Securities with “Other Non-Payment Risks” – Filing exemption clarification
Discussions continue on a proposed guidance amendment that would update the SVO’s guidance for securities that possess “Other Non-Payment Risks” (which are assigned a subscript of “S” with its NAIC Designation). This revision would add these investments to the list for securities that are not eligible for the filing exemption.
Other non-payment risks are typically associated with contractual agreements between an insurer and the issuer in which the issuer is given some measure of financial flexibility not to make payments that otherwise would be assumed to be scheduled, given how the instrument has been denominated, or where the insurer agrees to be exposed to a participatory risk.
Schedule BA assets with bond or fixed income characteristics – Revisions to clarify rules on NAIC Designations
SVO discussions continue on proposed guidance revisions that would better clarify that Schedule BA assets are not eligible for a filing exemption (i.e. they must be filed with the SVO to receive an NAIC Designation). The revisions would also clarify that the SVO has the ability to assign NAIC Designations to assets that are not expressly covered by other sections of the SVO’s guidance. This is beneficial for life insurers, as the RBC rules allow Schedule BA assets with NAIC Designations more favorable capital treatment.

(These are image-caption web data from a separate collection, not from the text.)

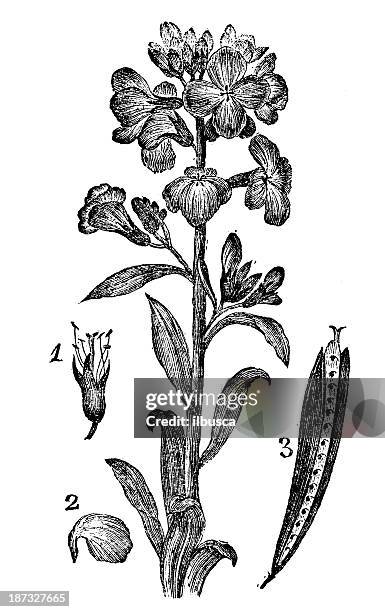 antique illustration of erysimum cheiri or cheiranthus cheiri(wallflower) - erysimum cheiri stock illustrations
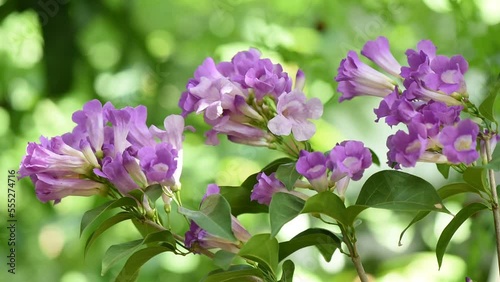 Mansoa alliacea flowers on nature background. photo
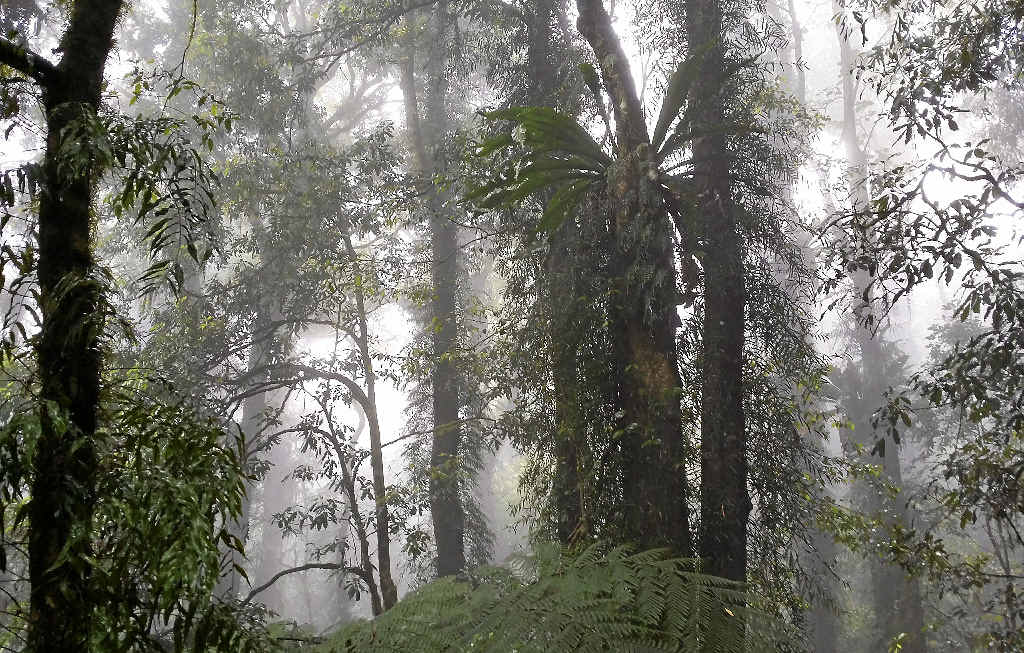 Dorringo rainforest. Dorringo rainforest.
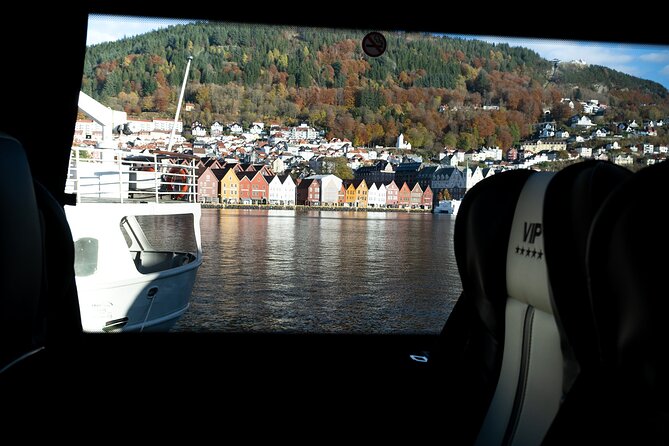 Bergen: Guided Tour by Minibus With Local Guide & Photostops - Capturing Picturesque Moments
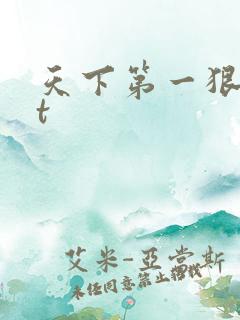 天下第一狠txt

1 Some ABS have clauses where residual interests (i.e. equity tranches) are required to be held when holding debt tranches. Within this structure, an investor would be restricted from selling, assigning or transferring the unsecured debt investment without also selling, assigning or transferring the equity interest to the same party.
2 Statutory Accounting Principles Working Group.
3 Non-legacy is defined under SVO guidance as financially modeled (FM) RMBS/CMBS securities issued on or after Jan. 1, 2013. All FM securities issued before that date are considered to be legacy securities. The distinction is relevant when determining NAIC Designations. The NAIC Designation for non-legacy securities is determined solely by the NAIC’s modeling output. NAIC Designations for legacy securities are determined using price breakpoints that, in addition to the modeling output, also factor in the security’s amortized cost when determining its final NAIC Designation.
4 In 2017, the FASB issued Accounting Standard Update 2017-12: Derivatives and Hedging: Targeted Improvements to Accounting for Hedging Activities to reduce complexity and align hedge accounting with risk management activities.
5 Back in 2009, to simplify its guidance structure, FASB began to transition to the current Accounting Standards Codification (ASC) and away from its previous structure, which referenced older derivative guidance such as FAS 133, Accounting for Derivative Instruments and Hedging Activities.
6 The proposed data points include market yield, market price, purchase yield, weighted average life, spread to average life UST, option-adjusted spread, effective duration and convexity.